If w is a string of letters, we define the score of w by two rules:

• The score of λ is 0.
• If x is any string and a is any letter, the score of xa is the score of x plus lab(a).

• (a,15) Prove that for any strings u and v, the score of cat(u,v) is the score of u plus the score of v. Recall the definition of the function cat: For any strings w and x and any letter a, cat(w, λ) = w and cat (w,xa) = cat(w,x)a. (Hint: Let u be arbitrary and use string induction on v.)

As suggested, we let u be arbitrary and use string induction on v. The base case is v = λ, and in this case the score of cat(u,λ) is the score of u by the definition of the cat function, and this equals the score of u plus the score of λ because the latter is 0 by the definition of score.

For the inductive case, we let a be an arbitrary letter, let v be an arbitrary string, assume P(v) (that score(cat(u,v)) = score(u) + score(v)) and set out to prove P(va) (that score(cat(u,va)) = score(u) + score(va). By the definition of cat, score(cat(u,va)) = score(cat(u,v)a). By the definition of score, this is score(cat(u,v)) + lab(a). By the IH, this is score(u) + score(v) + lab(a) = score(u) + [score(v) + lab(a)] which is score(u) + score(va) by the definition of score. We have proved P(va) from P(v) for arbitrary v and a, completing the string induction.

• (b,10) Write a recursive pseudo-Java method `scoreOf` that takes a string w and returns the score of w. You may assume that a method `lab` has already been defined as above. Do not worry about error handling, such as for invalid characters in w.

``````      public natural scoreOf (string w)
{// Returns Scrabble score of w as defined by lab
if (w == emptystring) return 0;
return scoreOf(allButLast(w)) + lab(last(w));}
``````

• (c,10) Argue that for any string w, your method in part (b) returns the score as defined above. (This will be a string induction.)

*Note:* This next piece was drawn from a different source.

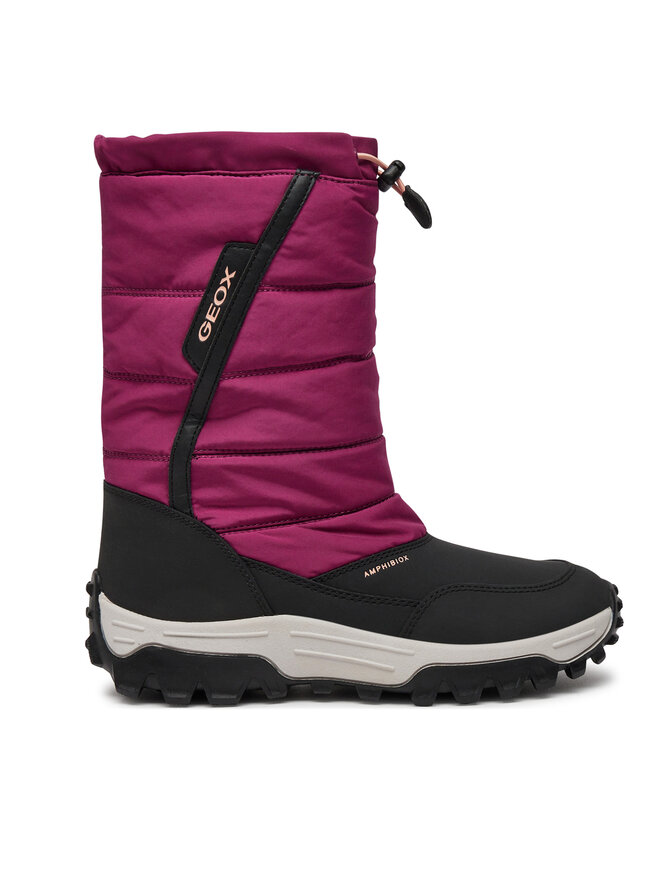 

Зимние ботинки Geox J Himalaya Girl B Ab J26FTA 0FU54 CP87G D, розовый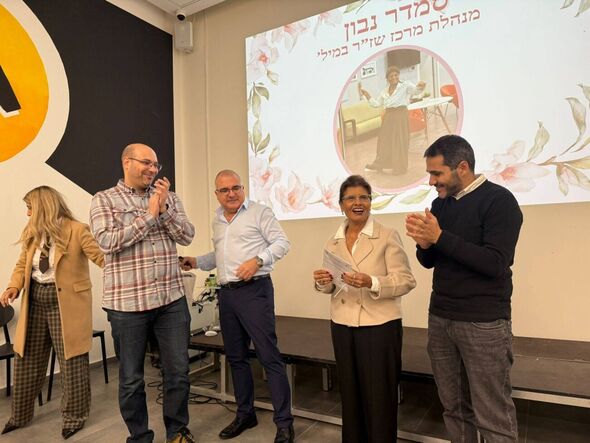 צילום מתוך דף הפייסבוק רועי גבאי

For the base case, we must show that the method returns the score of λ, which is defined to be 0, on input λ. This is true because the third line of the code checks for w = λ and returns 0 if it is.

For the inductive case, we let v be an arbitrary string, let a be an arbitrary letter, and assume that `scoreOf(v)` terminates and returns the correct score of v. Given these assumptions, we consider what happens when `scoreOf` is called with input va. We reach the last line, compute `allButLast(va)` to be v and `last(va)` to be a, and then return `scoreOf(v) + lab(a)`. By the IH, this is the correct score of v plus lab(a), and by the definition of score this is the correct score of va. So `scoreOf(va)` returns the correct answer and we have completed the string induction.